Yaron Lischinsky and Sarah Milgrim were young, engaged in diplomacy, and had just attended a humanitarian event. They were gunned down as they left the venue. Their attacker, reportedly shouting “Free Palestine” and linked to a manifesto filled with anti-Israel vitriol, was apprehended at the scene. The FBI is investigating the murders as a hate crime. They shouldn't need to look far.
This wasn’t an isolated incident. It was the latest chapter in a long, painful story that too many have tried to downplay or ignore.
Just last year, Paul Kessler, a Jewish man in California, died after being assaulted at a protest in Thousand Oaks. Earlier this spring, tensions in Brooklyn boiled over during a visit by Israeli far-right minister Itamar Ben-Gvir, when pro-Palestinian demonstrators and Jewish bystanders were violently attacked. In both cases, responses were muted, qualified, or buried under the weight of political caution.

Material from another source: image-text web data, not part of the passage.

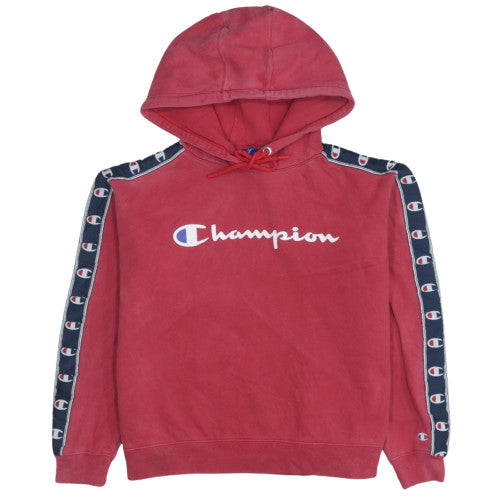 Champion 1990's Red Spellout Hoodie Mens Small Logo Taped Sleeves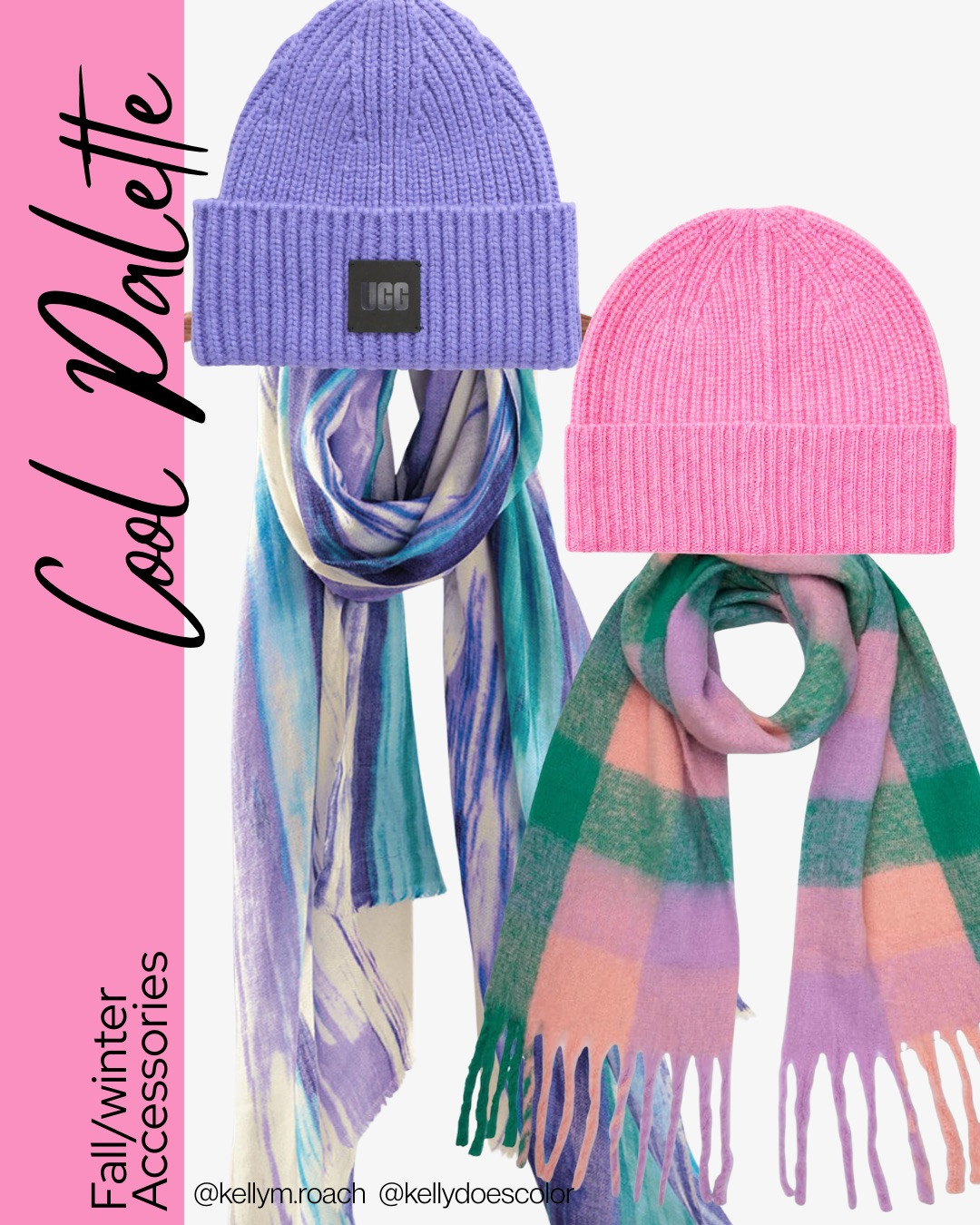 Fall and winter accessories for the Cool Palette! Wear your cool, cheerfully bright colors around your face to keep your outerwear in your palette all season long! 

 #LTKSeasonal #LTKOver40 #LTKStyleTip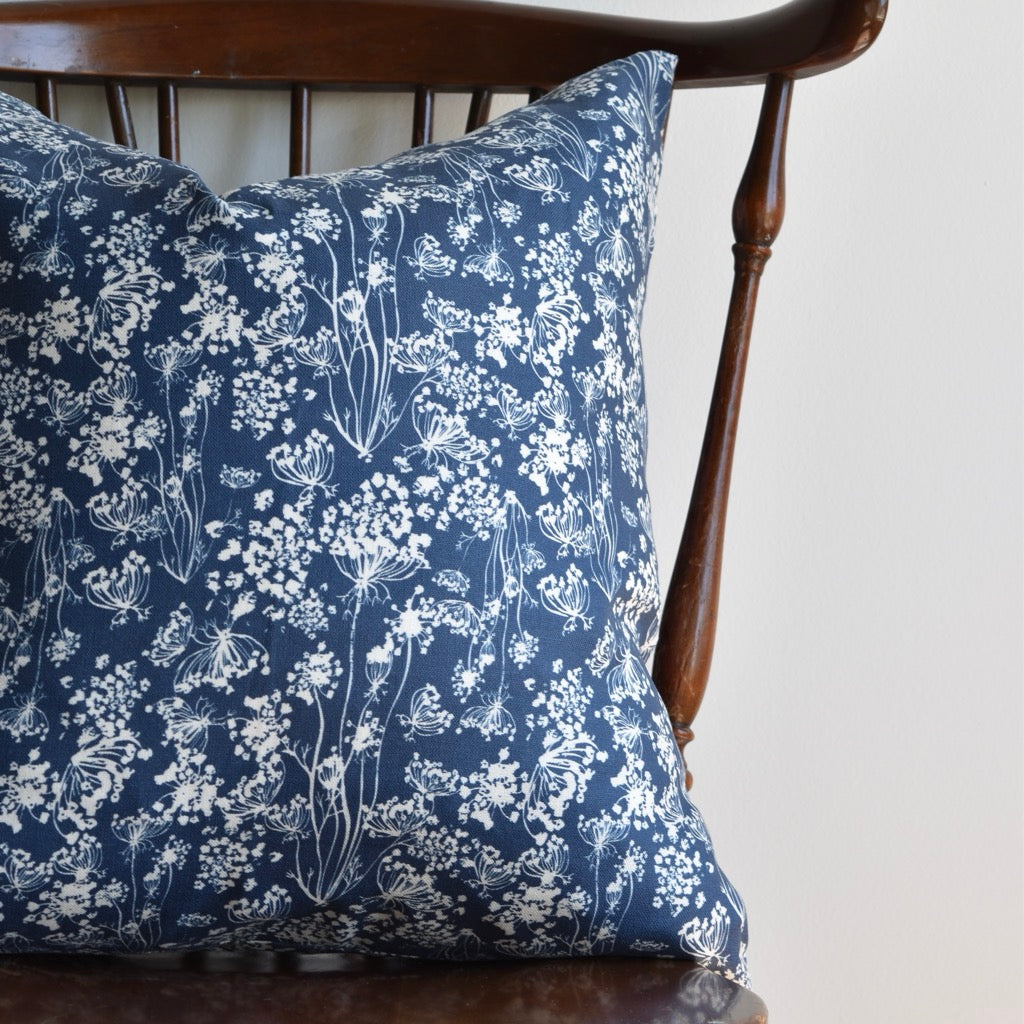 Decorative 100% Linen Pillow in Queen Anne’s Lace Navy by Glass Muriel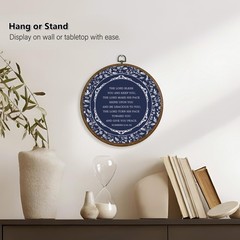 Navy Blue Christian Wall Art Decor, Bible Verse Numbers 6:24-26 Round Wood Fr…
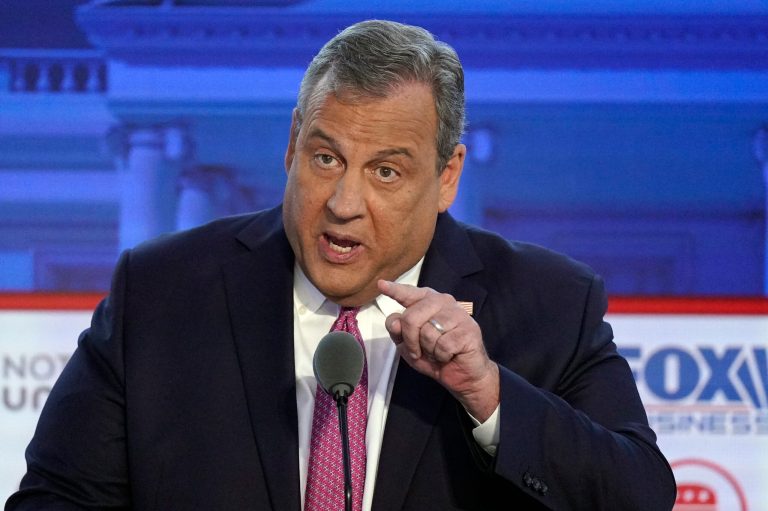 Former New Jersey Gov. Chris Christie speaks during a Republican presidential primary debate hosted by Fox Business Network and Univision, Wednesday, Sept. 27, 2023, at the Ronald Reagan Presidential Library in Simi Valley, California.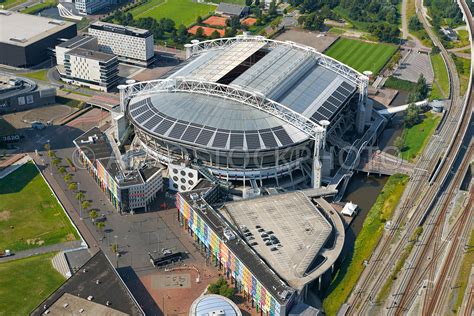 aerial view  amsterdam arena football stadium home  footbalclub ajax bijlmermeer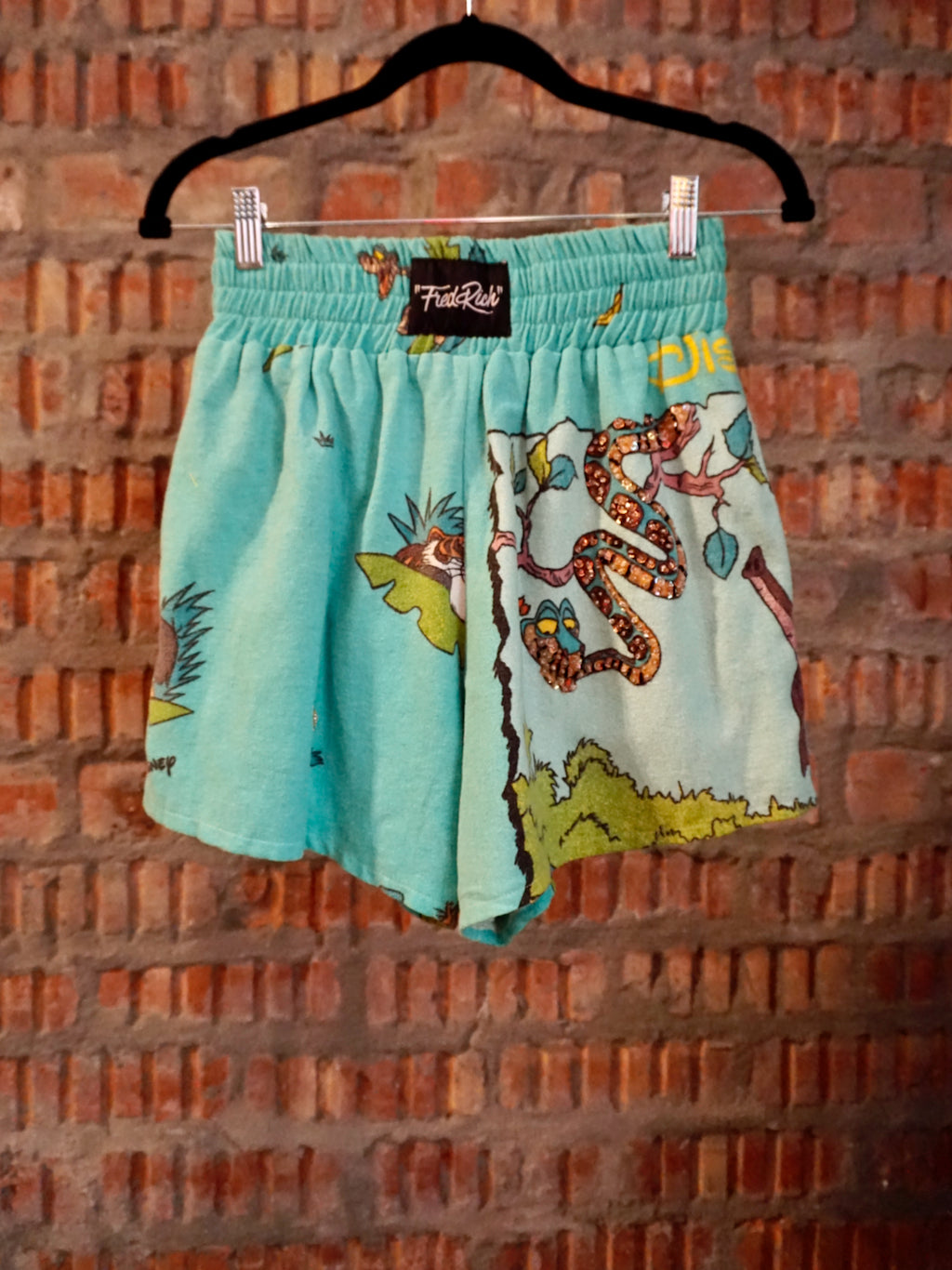 Upcycled Kickboxing Trunks Vintage Disney's The Jungle Book - Turquoise Petite S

And yet, the numbers speak louder than politics. The Anti-Defamation League’s 2024 audit of antisemitic incidents recorded a staggering increase in attacks, harassment, and vandalism. Jewish schools, synagogues, and community centers have had to double their security. Many Jewish Americans now live with the chilling awareness that a kippah, a mezuzah, or an Israeli flag might make them a target.
What we are seeing is not protest—it’s persecution.
Let’s be clear: the right to criticize the policies of any government, including Israel’s, must be protected. But when that criticism is laced with ancient tropes, when it turns violent, or when it singles out Jewish people and institutions in the diaspora, it stops being political and starts being hateful.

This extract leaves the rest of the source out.